The Supreme Court announced it will review whether universities should consider race as a part of admitting applicants on the basis on creating a ‘diverse’ student body, reported The Washington Post. Specifically, the Court will examine admissions at Harvard University and University of North Carolina at Chapel Hill who have previously won against challengers in the lower courts to consider race when evaluating applicants.
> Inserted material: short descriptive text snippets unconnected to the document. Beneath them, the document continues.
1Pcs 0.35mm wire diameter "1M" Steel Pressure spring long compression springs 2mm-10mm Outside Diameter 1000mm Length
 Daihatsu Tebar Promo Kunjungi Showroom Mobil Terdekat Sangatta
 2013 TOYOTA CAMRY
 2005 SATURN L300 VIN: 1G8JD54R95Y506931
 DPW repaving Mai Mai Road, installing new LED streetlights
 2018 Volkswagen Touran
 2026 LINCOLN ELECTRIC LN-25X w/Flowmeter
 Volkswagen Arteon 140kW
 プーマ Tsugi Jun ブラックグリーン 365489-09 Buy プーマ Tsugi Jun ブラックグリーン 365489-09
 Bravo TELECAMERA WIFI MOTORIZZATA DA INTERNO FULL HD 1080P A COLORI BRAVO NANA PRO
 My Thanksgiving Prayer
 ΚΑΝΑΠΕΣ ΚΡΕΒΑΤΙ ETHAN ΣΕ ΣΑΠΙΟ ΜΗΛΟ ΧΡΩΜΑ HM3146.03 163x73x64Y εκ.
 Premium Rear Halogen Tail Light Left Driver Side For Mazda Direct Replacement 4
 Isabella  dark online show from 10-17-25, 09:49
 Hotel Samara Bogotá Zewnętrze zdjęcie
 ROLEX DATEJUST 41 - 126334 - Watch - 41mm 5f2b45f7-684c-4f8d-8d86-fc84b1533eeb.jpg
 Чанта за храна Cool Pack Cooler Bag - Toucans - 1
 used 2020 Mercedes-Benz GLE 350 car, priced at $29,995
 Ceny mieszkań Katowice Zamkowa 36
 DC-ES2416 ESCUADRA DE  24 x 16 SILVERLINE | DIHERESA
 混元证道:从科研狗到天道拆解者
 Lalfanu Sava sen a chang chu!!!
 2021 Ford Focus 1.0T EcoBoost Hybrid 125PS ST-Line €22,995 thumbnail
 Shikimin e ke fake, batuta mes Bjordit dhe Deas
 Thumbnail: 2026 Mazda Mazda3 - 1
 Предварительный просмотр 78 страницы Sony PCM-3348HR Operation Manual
The Post referenced the 2003 decision with Grutter v. Bollinger where the Court decided using race in admissions practices is constitutional but only when being used with intentions of diversifying a student body. However, another petition has been filed to challenge this decision and argue these race-based decisions violate the Constitution.
From The Washington Post:
Edward Blum, president of Students for Fair Admissions, the group that spearheaded both challenges, said polls show that Americans strongly disapprove of race-conscious admissions.
“In a multi-racial, multi-ethnic nation like ours, the college admissions bar cannot be raised for some races and ethnic groups but lowered for others,” Blum said in a statement. “Our nation cannot remedy past discrimination and racial preferences with new discrimination and different racial preferences.”
Blum’s group told the Supreme Court it would be fitting to end the use of racial considerations by overturning policies at “the nation’s oldest private college and . . . at the nation’s oldest public college.”
In its latest decision, the Court upheld in 2016 that the ‘limited use of race’ in applicant evaluations was permitted in a case with the University of Texas. In an opinion written by Justice Anthony M. Kennedy, he emphasized the ruling basically meant that ‘diversity justified some intrusion on the Constitution’s guarantee of equal protection,’ per the Post.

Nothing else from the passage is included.